= YOG-83 =

The YOG-83 was a gasoline barge built in January 1944 by the Concrete Ship Constructors of National City California for the Maritime Commission. It was in service as a gasoline barge in the Pacific before being moved and used during nuclear weapon testing. The testing was part of Operation Crossroads at Bikini Atoll. It was 375 ft long with a displacement rated at 10,960 tons. It was noted that the barge had incurred slight damage from general use during its service as a gasoline barge, but the damage was not significant and would not effect how the bomb testings would be rated.

== Test Able ==
Test A (or Test Able) was performed on July 1, 1946. The barge endured a pressure rating of 9.5 psi during the blast at 1,040 yd from the blast. Preliminary inspection indicated superficial damage to the barge only. Later detailed inspection confirmed the damage to be limited only to the top side of the barge.
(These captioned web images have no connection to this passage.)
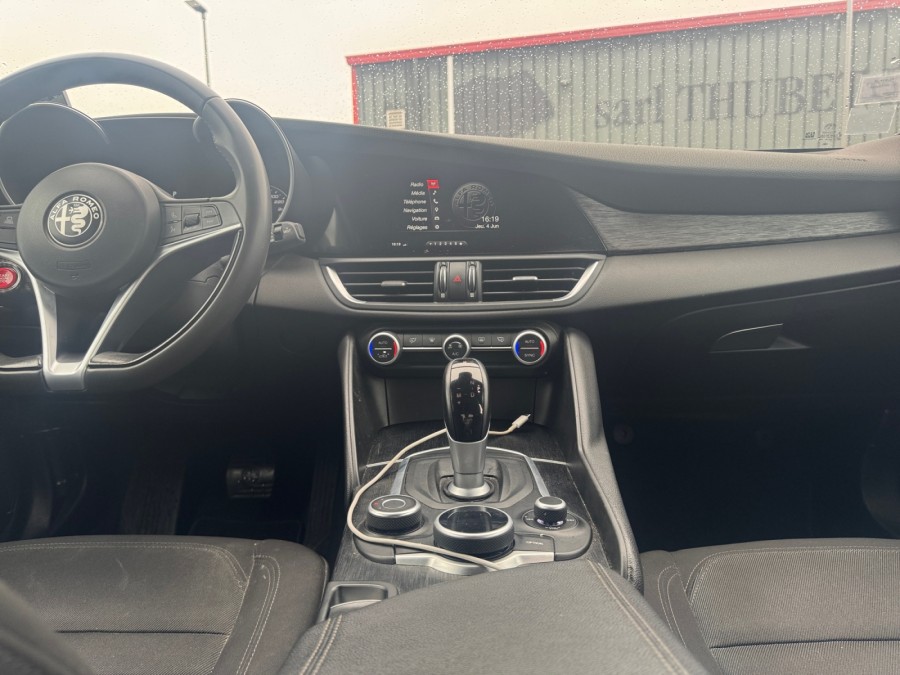 ALFA ROMEO d'occasion GIULIA 2.2D 136 EDIZIONE AT de 2019 Beaune (21)﻿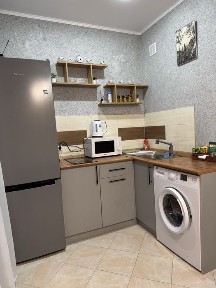 Однокомнатная на длительный срок, после ремонта все новое, 220000+ком ус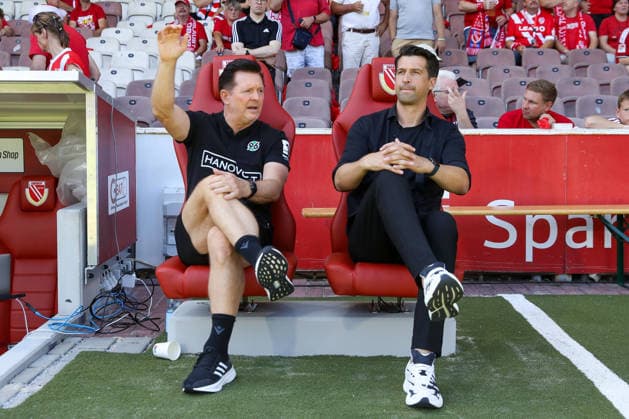 09.08.2026, xtgx, Fussball - 2.Bundesliga Energie Cottbus - Hannover 96 emspor, v.l. Christian Titz (Hannover, Trainer) und Jonas Boldt (Hannover, Geschäftsführer DFL DFB REGULATIONS PROHIBIT ANY USE OF PHOTOGRAPHS as IMAGE SEQUENCES and or QUASI-VIDEO) Cottbus *** August 9, 2026, xtgx, Soccer 2. Bundesliga Energie Cottbus Hannover 96 emspor, from left: Christian Titz (Hannover), coach, and Jonas Boldt (Hannover), sporting director DFL DFB REGULATIONS PROHIBIT ANY USE OF PHOTOGRAPHS AS IMAGE SEQUENCES AND OR QUASI-VIDEO Cottbus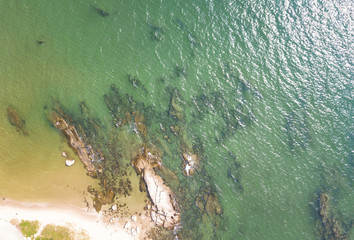 Obraz premium Aerial view of sea beach background 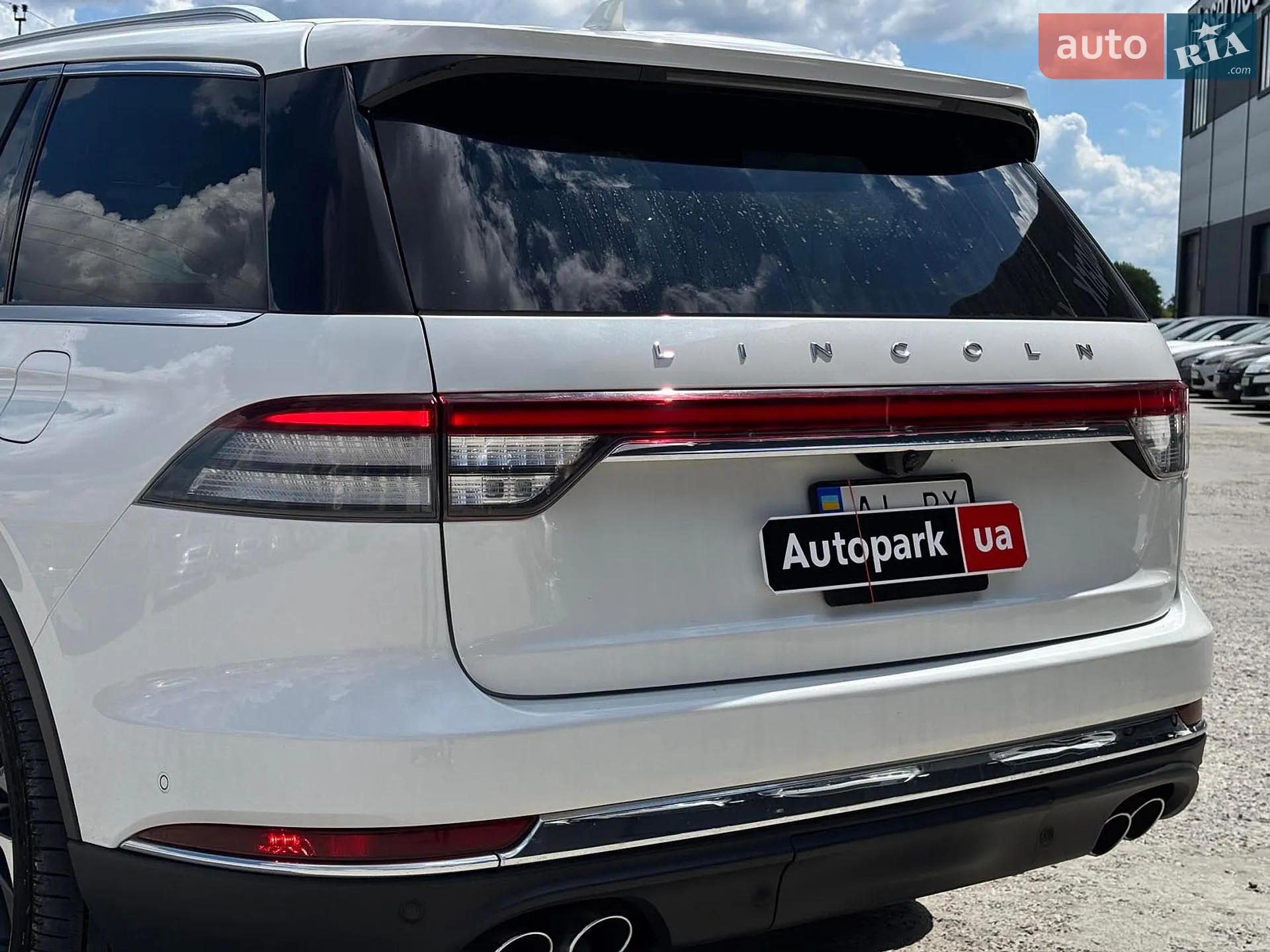 2019 Lincoln Aviator - мініатюра 11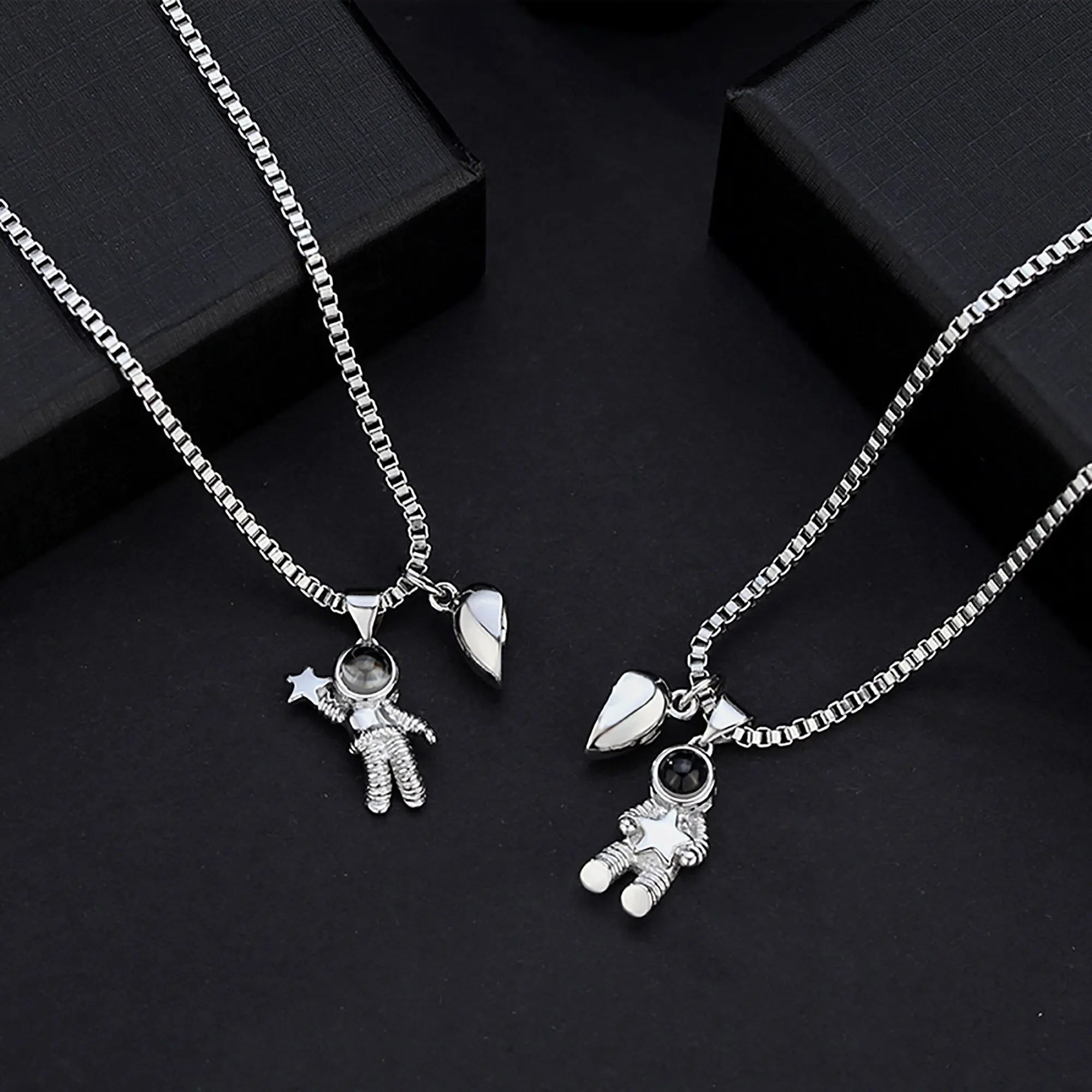 Customizable photo Creative Astronaut Pendant Couple Projection Necklace nowadaysfashion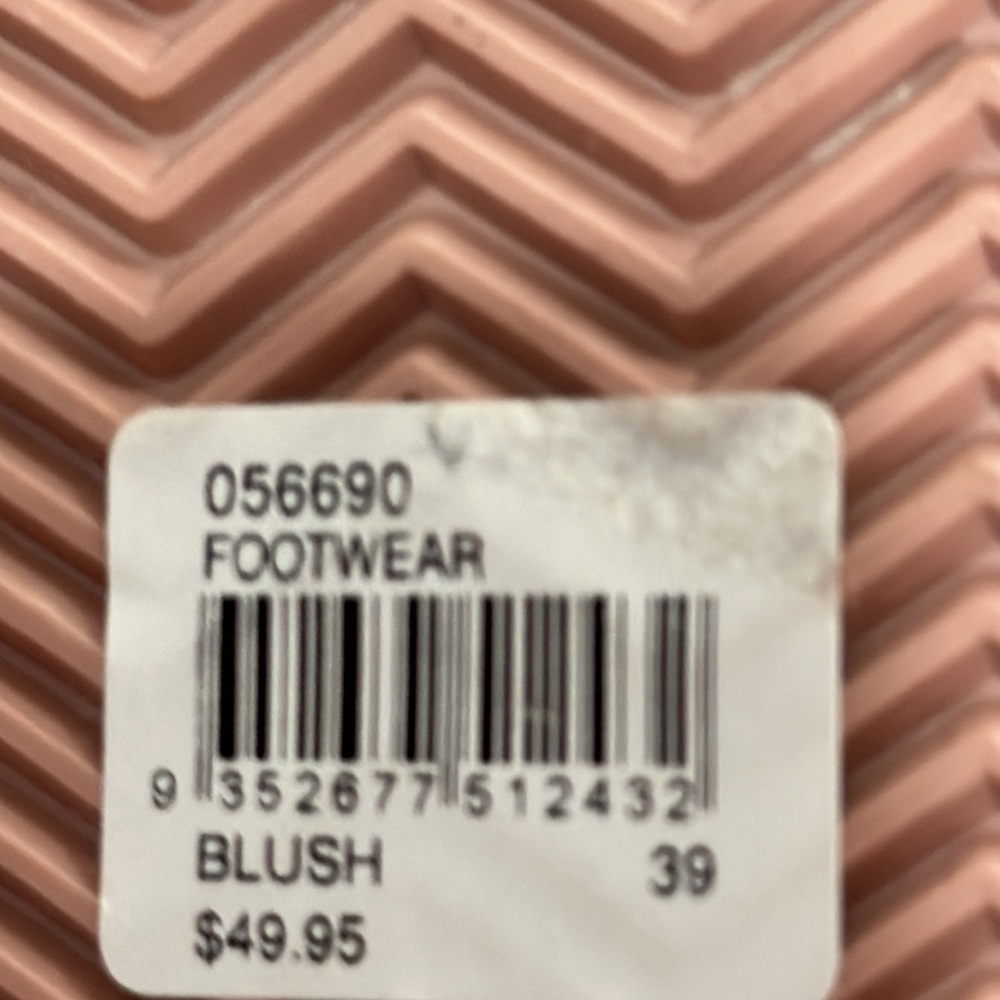 New Sportsgirl nude sneaker size 39 - Picture 4 of 5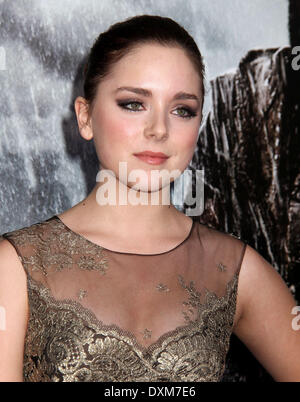 New York, New York, USA. 26. März 2014. Schauspielerin MADISON DAVENPORT besucht New York Premiere von 'Noah' bei Ziegfeld Theater statt. Bildnachweis: Nancy Kaszerman/ZUMAPRESS.com/Alamy Live-Nachrichten Stockfoto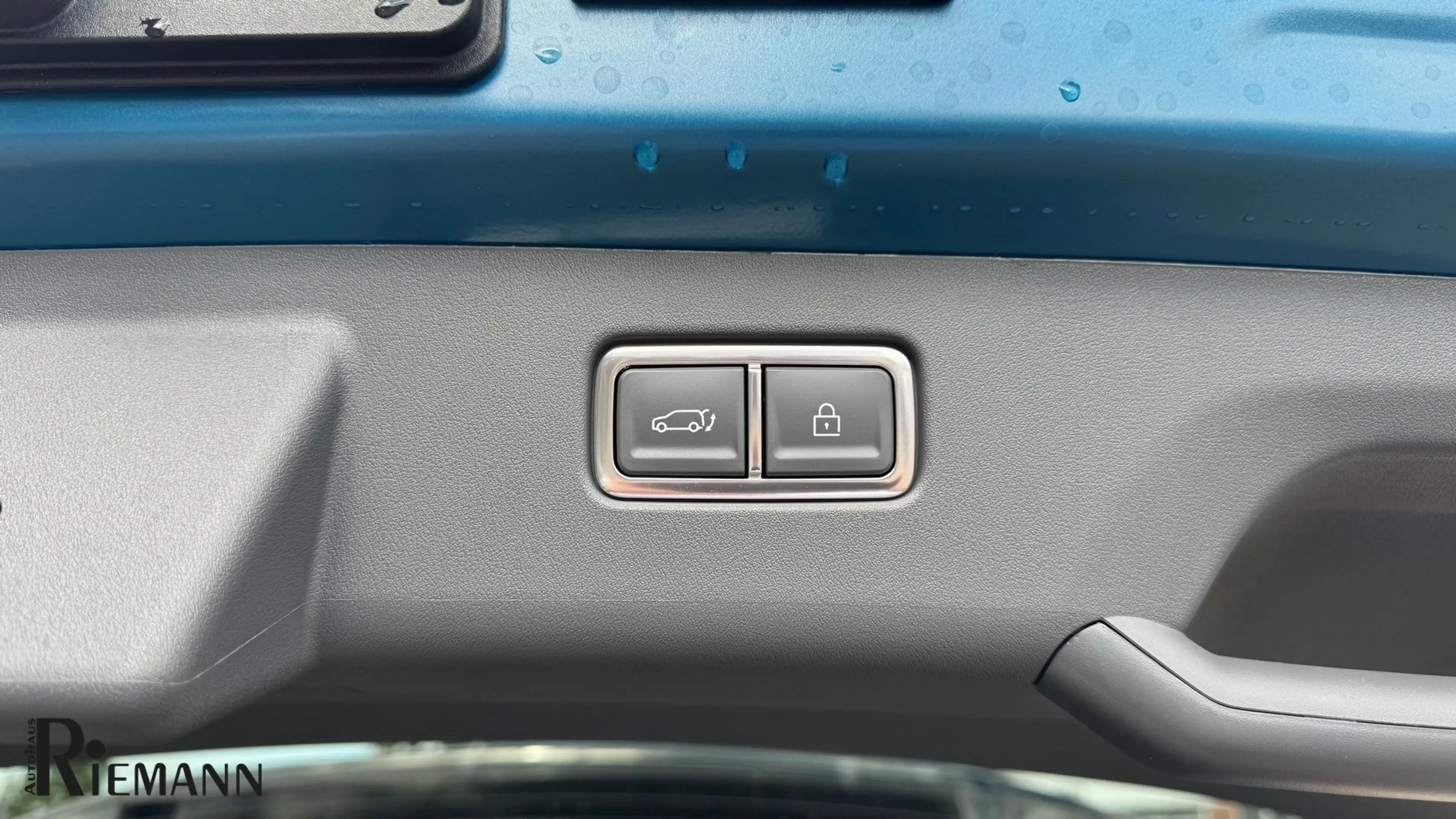 Kia EV9 99,8 kWh AWD GT + Panorama-Glasdach — photo 14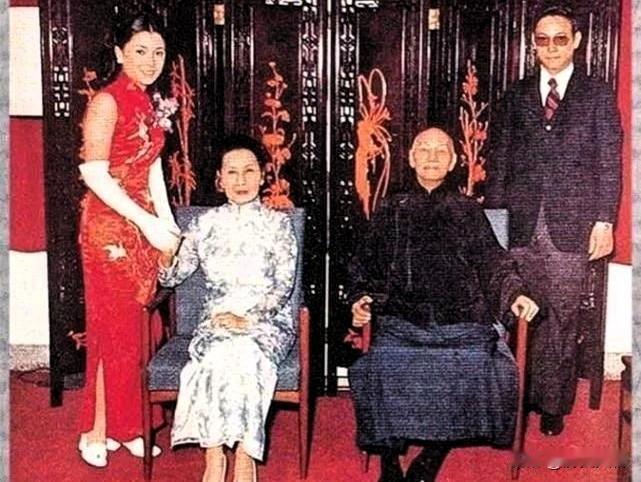 1962年，76岁蒋介石确诊前列腺肥大，排尿困难饱受折磨。宋美龄提议延请美国名医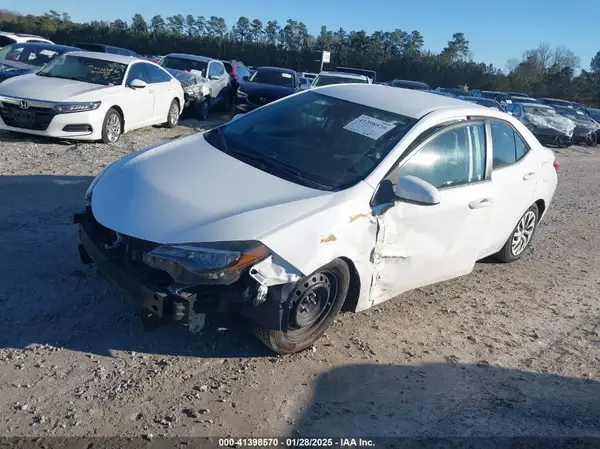 2T1BURHEXJC044418 2018 TOYOTA COROLLA - Image 2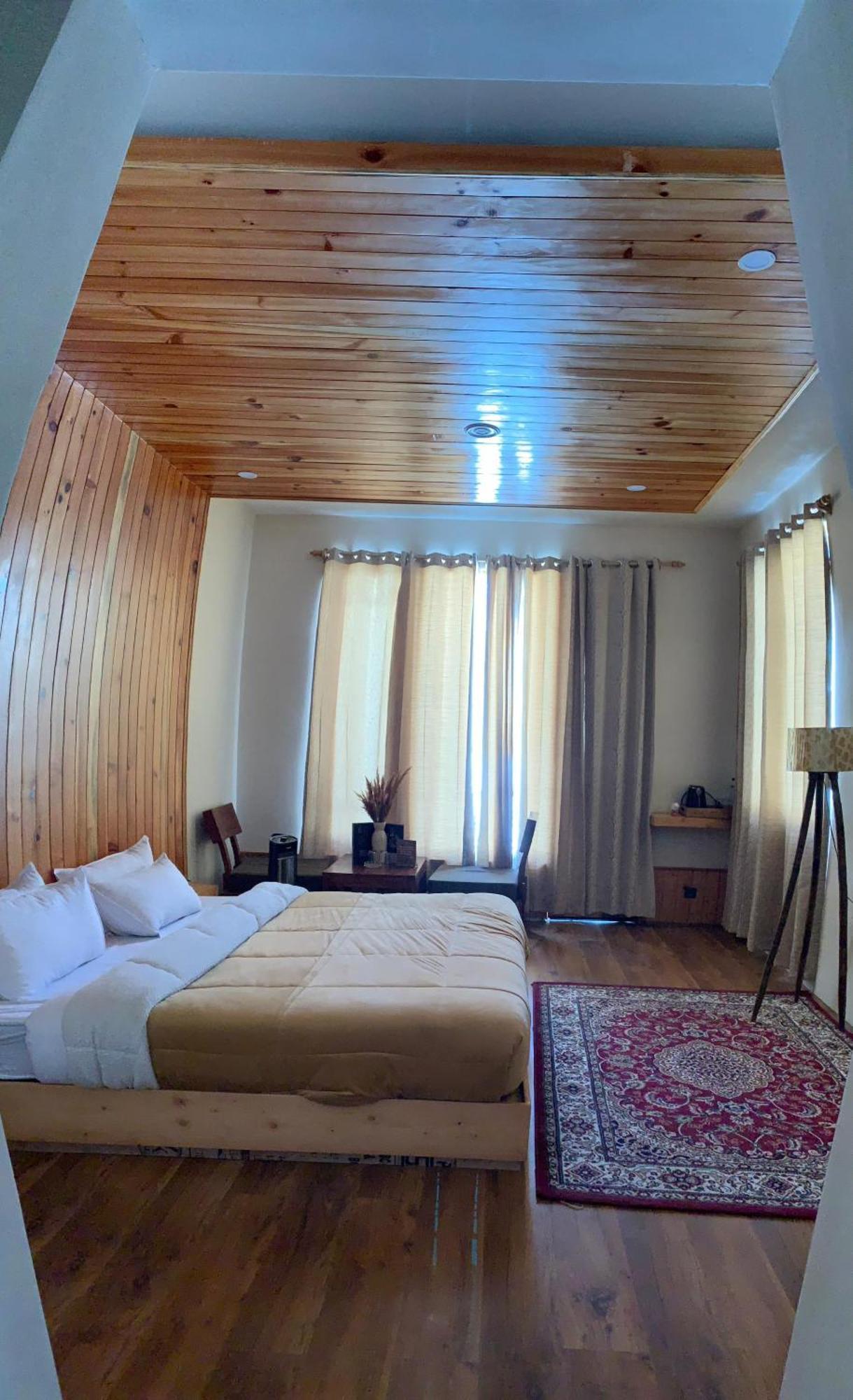The Bulevar - Whispering Willows Hotel Sissu Exterior foto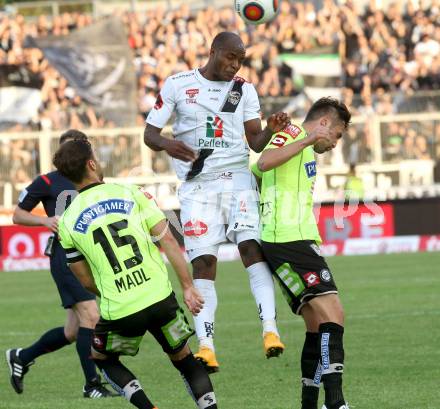 Fussball Bundesliga. RZ Pellets WAC gegen SK Puntigamer Sturm Graz.  Silvio De Oliveira,  (WAC), Anel Hadzic (Graz). Wolfsberg, am 16.5.2015.
Foto: Kuess

---
pressefotos, pressefotografie, kuess, qs, qspictures, sport, bild, bilder, bilddatenbank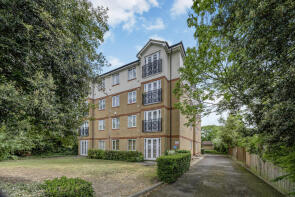 Flat 11, Chichester House, Galsworthy Road, Kingston Upon Thames KT2 7BS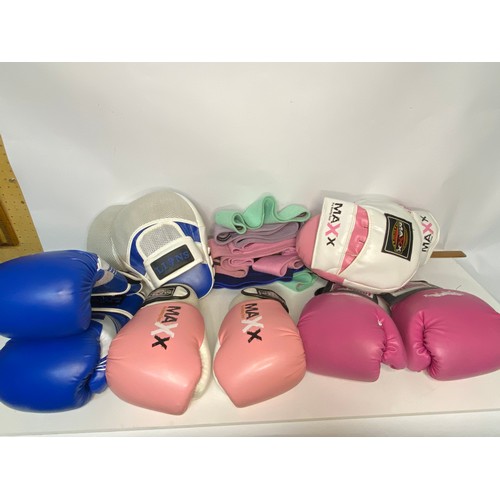 686 - A Selection of boxing gloves and pads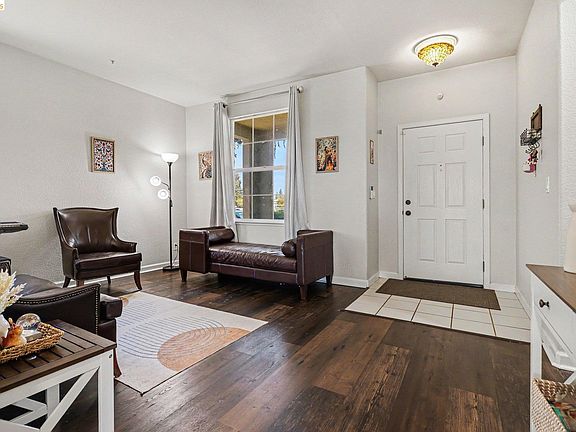 4th image of 52 Rockwell St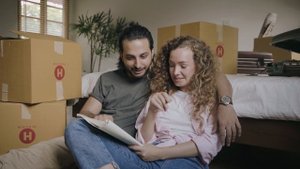 4277736-uhd_3840_2160_25fps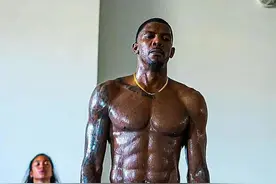 8块腹肌太夸张！已经41岁了！他还想打NBA图片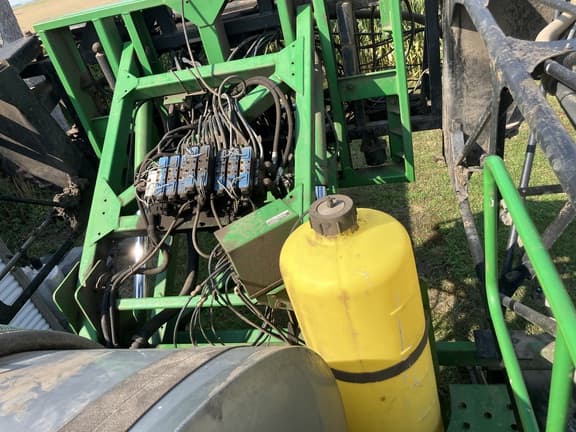 Image of John Deere 4920 equipment image 4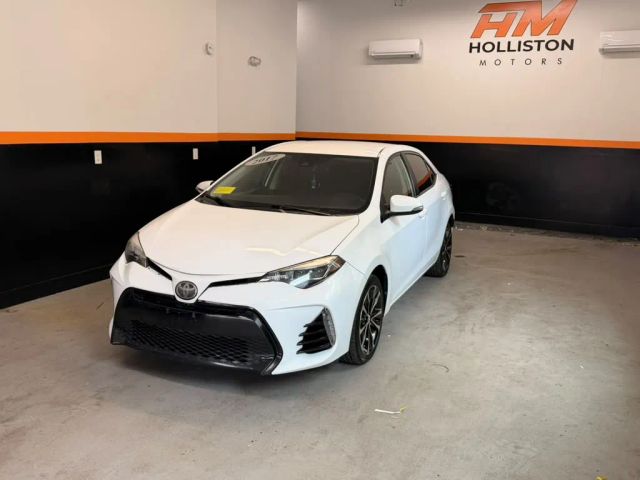 2017 Toyota Corolla SE FWD photo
Damage included:
1. The draft remained unchanged from the pretest.
2. The roof dished downward slightly on amidships deck house.
3. The wheelhouse roof was blown off.
4. The steel frame life raft rack was pulled loose.
5. There were blast burns on the poop deck frame structures.
6. The wheelhouse and tankhouse frames were bent forward.
7. There was charring on the forecastle.

== Test Baker ==
Test B (or Test Baker) was conducted on July 24, 1946. The YOG-83 suffered no apparent damage from this test. The radiation intensity allowed for fifteen minutes aboard each day initially for inspection.